Manchester United and Real Madrid are currently under the guidance of managers who weren't supposed to be in their current roles, and with both facing challenging stretches ahead, we'll see first-hand how much progress has actually been made.
At this juncture of the season, Manchester United was supposed to be challenging titles and cups on multiple fronts as Jose Mourinho's methods finally took hold in his third year at the helm. Real Madrid was supposed to take the next step in its evolution, following its three Champions League crowns under Zinedine Zidane by moving forward under the guidance of Julen Lopetegui, who sought the role so much that it cost him the chance to lead Spain at the World Cup.
Of course, none of that came remotely close to playing out.

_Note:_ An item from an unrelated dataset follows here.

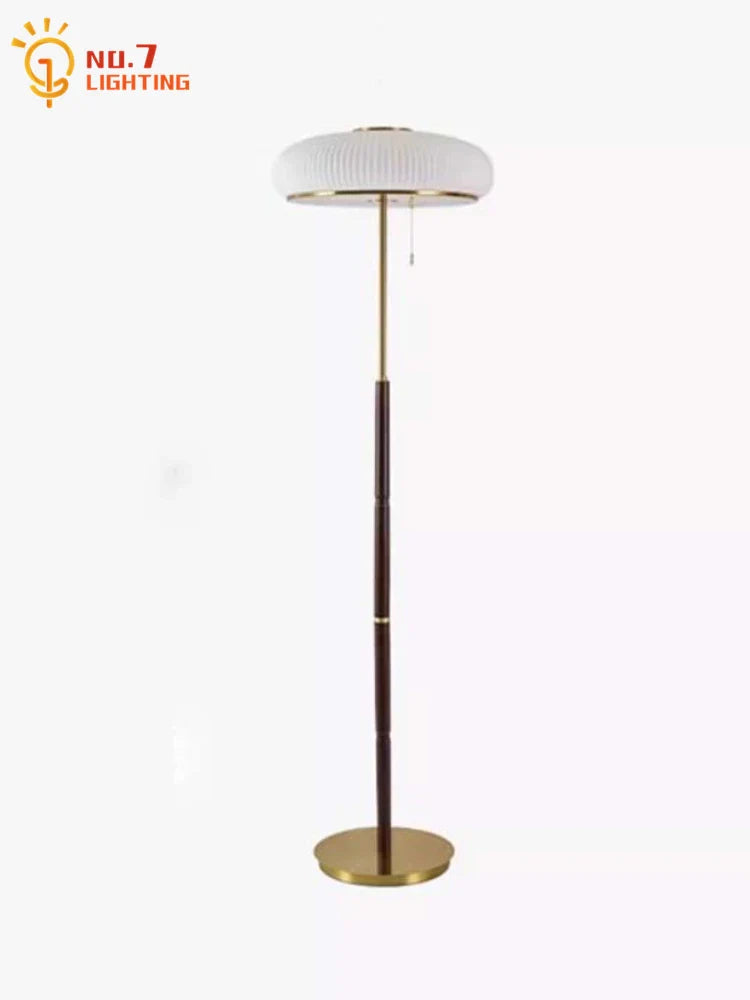 Afralia™ Medieval Matsutake Floor Lamp LED E27 Retro Luxury Standing Lamp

Mourinho was gone in December, it becoming increasingly clear that he had no hand on the pulse of his own squad and that his ways were no longer so special. At one of his former clubs, Lopetegui was gone after 14 matches, as Real Madrid sputtered out of the gates, failing to meet the lofty standards that Florentino Perez has set for his organization.
A pair of unlikely sources were then tabbed to come to the rescue. Caretaker Ole Gunnar Solskjaer needed no introduction to the Old Trafford faithful, a fan favorite as a player in the Sir Alex Ferguson years, but after a wretched spell as manager of Cardiff City, he settled into life outside of the spotlight with Molde in his native Norway. Santiago Solari had been well ingrained within Real Madrid's fabric as coach of its Castilla reserve team, but he wasn't supposed to be anything more than a few-match stopgap while a more permanent solution was discovered.

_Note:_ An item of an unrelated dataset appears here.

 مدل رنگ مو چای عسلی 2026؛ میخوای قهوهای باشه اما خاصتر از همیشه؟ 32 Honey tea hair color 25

To both clubs' pleasant surprise, their accidental managers have steadied their respective ships. Now we find out if they're for real.
Both face the defining stretches of their season, beginning this week. It all comes full circle for Real Madrid with the first leg of the Copa del Rey semifinals against rival Barcelona. It was after a heavy Clasico defeat, after all, that Lopetegui was given his marching orders. In the 23 matches in all competitions since–La Liga, Copa del Rey, Champions League and FIFA Club World Cup–Real Madrid has gone 18-4-1. It won the Club World Cup, advanced to the Champions League round of 16 and Copa semis and has fortified its place in the top four of La Liga–something that wasn't so certain through the early ups and downs of the season. Solari has since been extended as permanent manager through June 2021–though with Perez's quick trigger finger that doesn't mean much.
A rematch vs. Barcelona is followed three days later by a Madrid derby in the league, with Atletico Madrid hosting the festivities at the Wanda Metropolitano. Four days after that, Real will see if it can take a step toward returning to Atleti's home–it's the host of the Champions League final–when it heads to Ajax for the first leg of their last-16 series. The Dutch side will present a challenge to Real's three-year UCL reign, with Barcelona-bound Frenkie de Jong surely looking to make an early good impression for his future club.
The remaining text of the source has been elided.